Let's do the same thing but enforce it to be monotonic.

result = trend_filter(x, y_noisy, l_norm=1, alpha_2=0.2, monotonic=True)

L1TFMono

Now let's increase the regularization parameter to give a higher penalty to slope changes. It results in longer trends. Fewer slope changes. Overall, less complexity.

result = trend_filter(x, y_noisy, l_norm=1, alpha_2=2.0)

L1TFMoreReg

Did you like the stair steps? Let's do that again. But now we will not force it to be monotonic. We are going to put an L1 norm on the first derivative. This produces a similar output but it could actually decrease if the data actually did so. Let's also constrain the curve to go through the origin, (0,0).

result = trend_filter(x, y_noisy, l_norm=1, alpha_1=1.0, constrain_zero=True)

L1TFSteps

Let's do L2 norms for regularization on the second derivative. L2 norms don't care very much about small values. They don't force them all the way to zero to create sparse solution. They care more about big values. This results is a smooth continuous curve. This is a nice way of doing robust smoothing.

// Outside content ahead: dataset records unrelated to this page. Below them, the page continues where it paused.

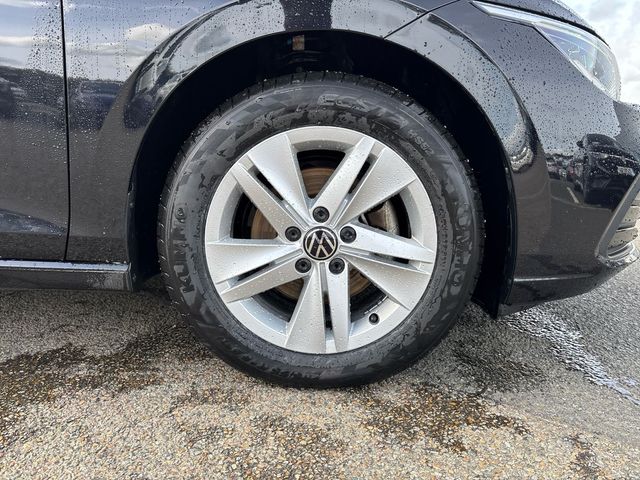 Image for 2024 Volkswagen Golf LIFE 2.0 TDI 115HP MANUAL
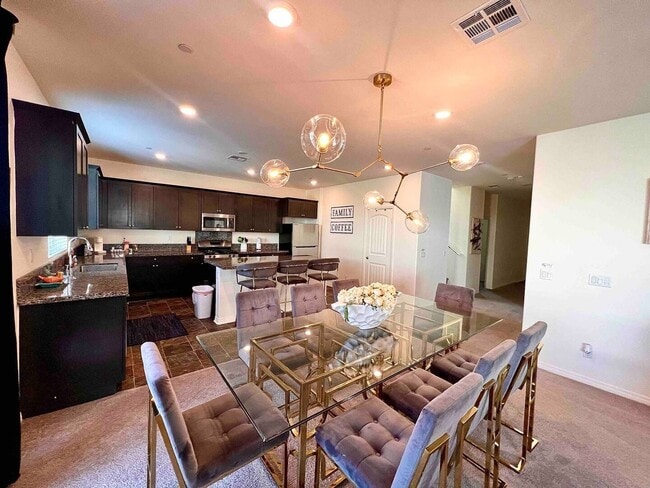 Photo - 3062 Flagstaff Dr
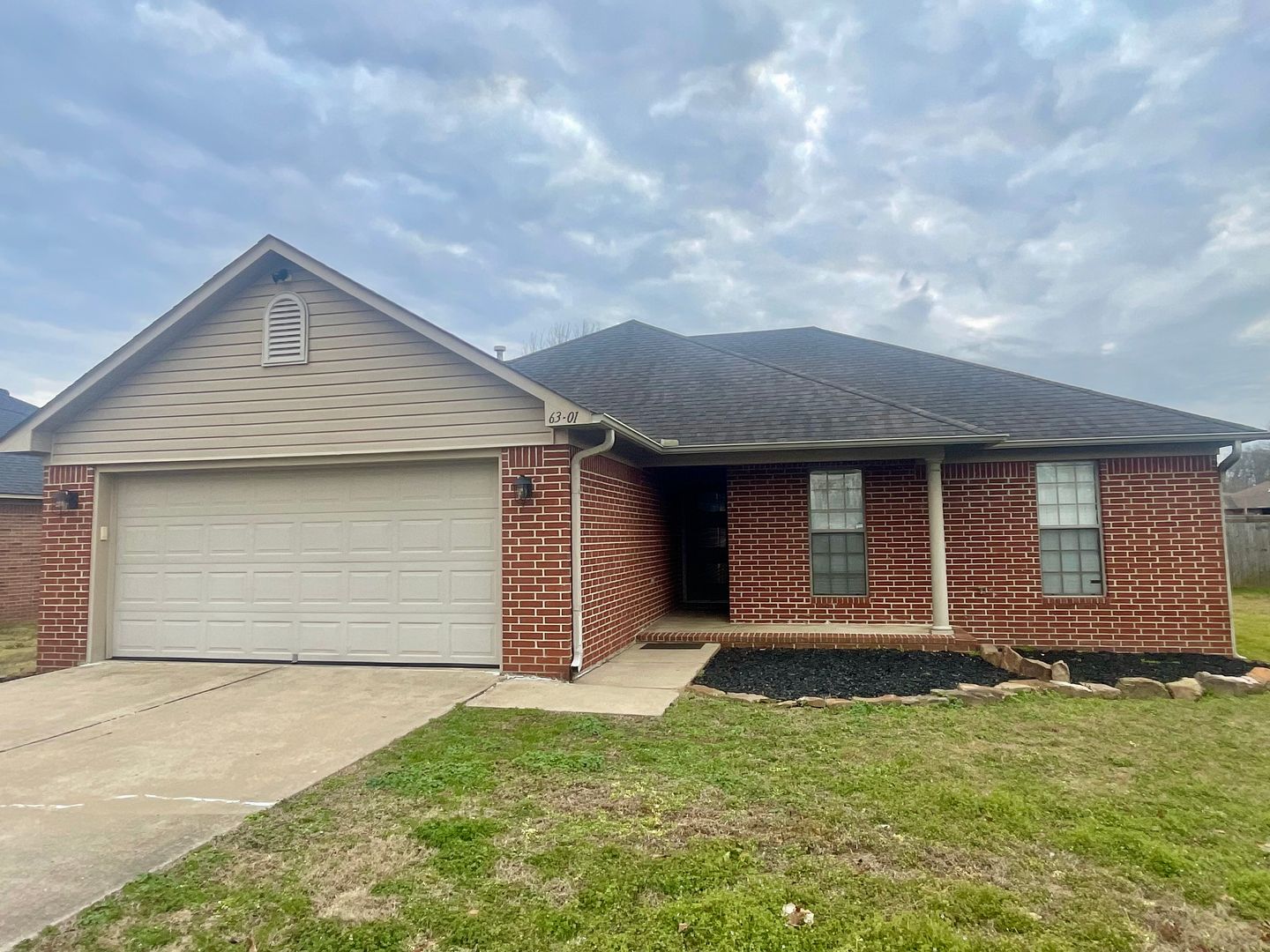 Greenbrier House: 63-01 E Main St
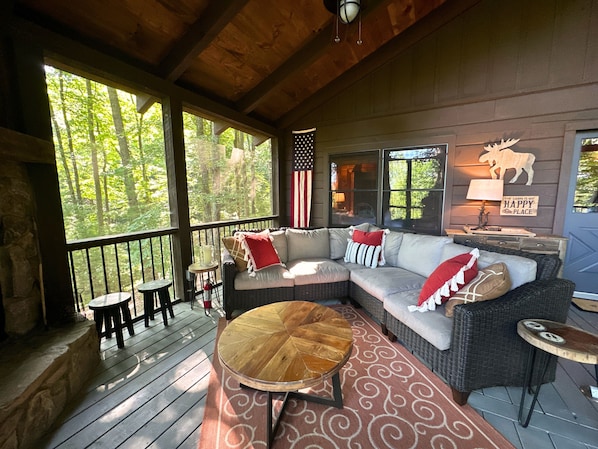 Smart-TV, Kamin, Bücher, Stereoanlage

result = trend_filter(x, y_noisy, l_norm=2, alpha_2=2.0)

L2TF

Here is the full function signature.

def trend_filter(x, y, y_err=None, alpha_1=0.0,
                 alpha_2=0.0, l_norm=2,
                 constrain_zero=False, monotonic=False,
                 positive=False,
                 linear_deviations=None):

So you see there are alpha key-words for regularization parameters. The number n, tells you the derivative is being penalized. You can use any, all or none of them. The key-word l_norm gives you the choice of 1 or 2. Monotonic and constrain_zero, we've explained already. positive forces the base model to be positive. linear_deviations will be explained in a bit.

The data structure returned by trend_filter is a dictionary with various pieces of information about the model. The most import are 'y_fit' which is an array of best fit model values corresponding to each point x. The 'function' element is a function mapping any x to the model value, including points outside the initial range. These external points will be extrapolated linearly. In the case that the data is a time-series, this function can provide forecasts for the future.

We didn't discuss y_err. That's the uncertainty on y. The default is 1. The Huber loss is actually applied to (data-model)/y_err. So, you can weight points differently if you have a good reason to, such as knowing the actual error values or knowing that some points are dubious or if some points are known exactly. That would be the limit as y_err goes towards zero and it will make the curve go through those points.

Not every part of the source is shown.